(INPUT DATA begins)
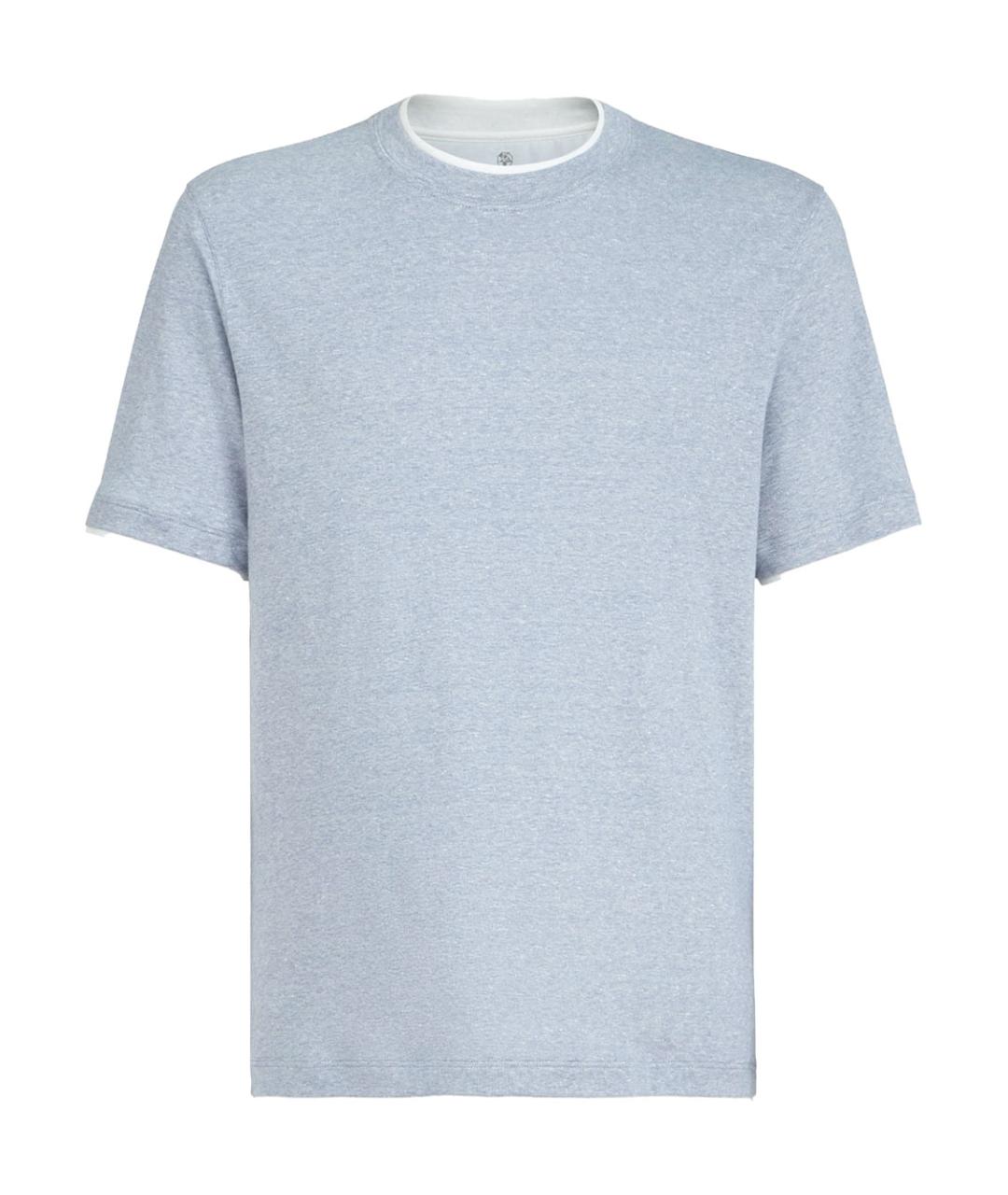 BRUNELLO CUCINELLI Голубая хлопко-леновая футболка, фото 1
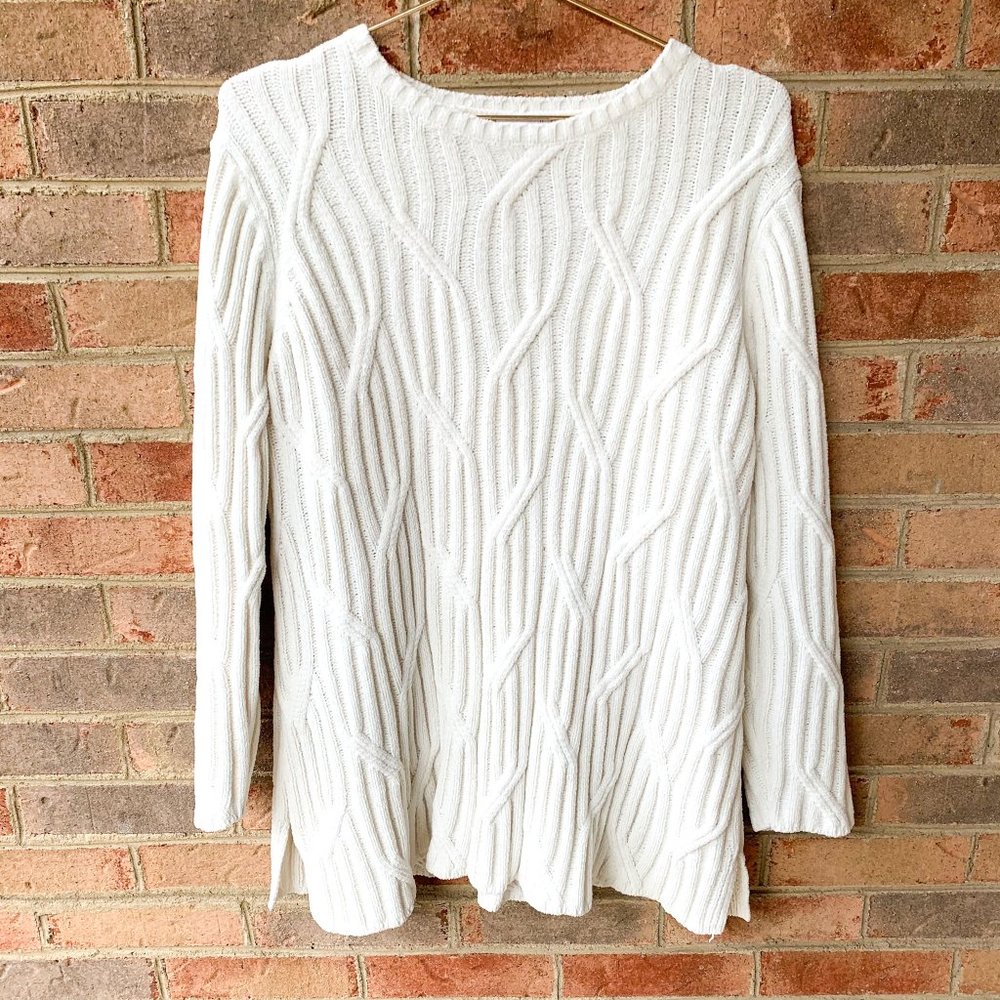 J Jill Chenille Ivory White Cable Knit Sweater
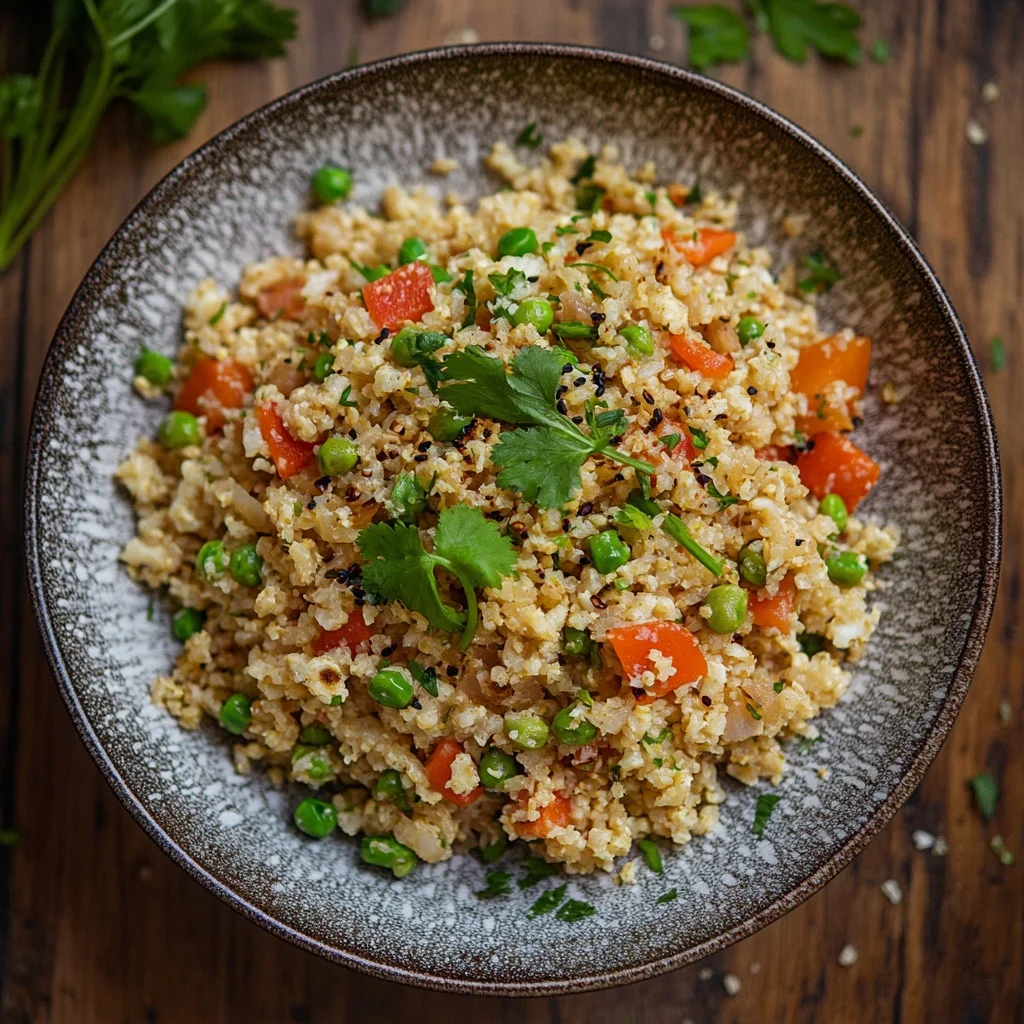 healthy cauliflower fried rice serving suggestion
(INPUT DATA ends)
# WHAT NEEDS TO BE DONE
Each line of the listing must be restated word for word, and the pictures left out.

# ANSWER TO THIS PROBLEM
 BRUNELLO CUCINELLI Голубая хлопко-леновая футболка, фото 1
 J Jill Chenille Ivory White Cable Knit Sweater
 healthy cauliflower fried rice serving suggestion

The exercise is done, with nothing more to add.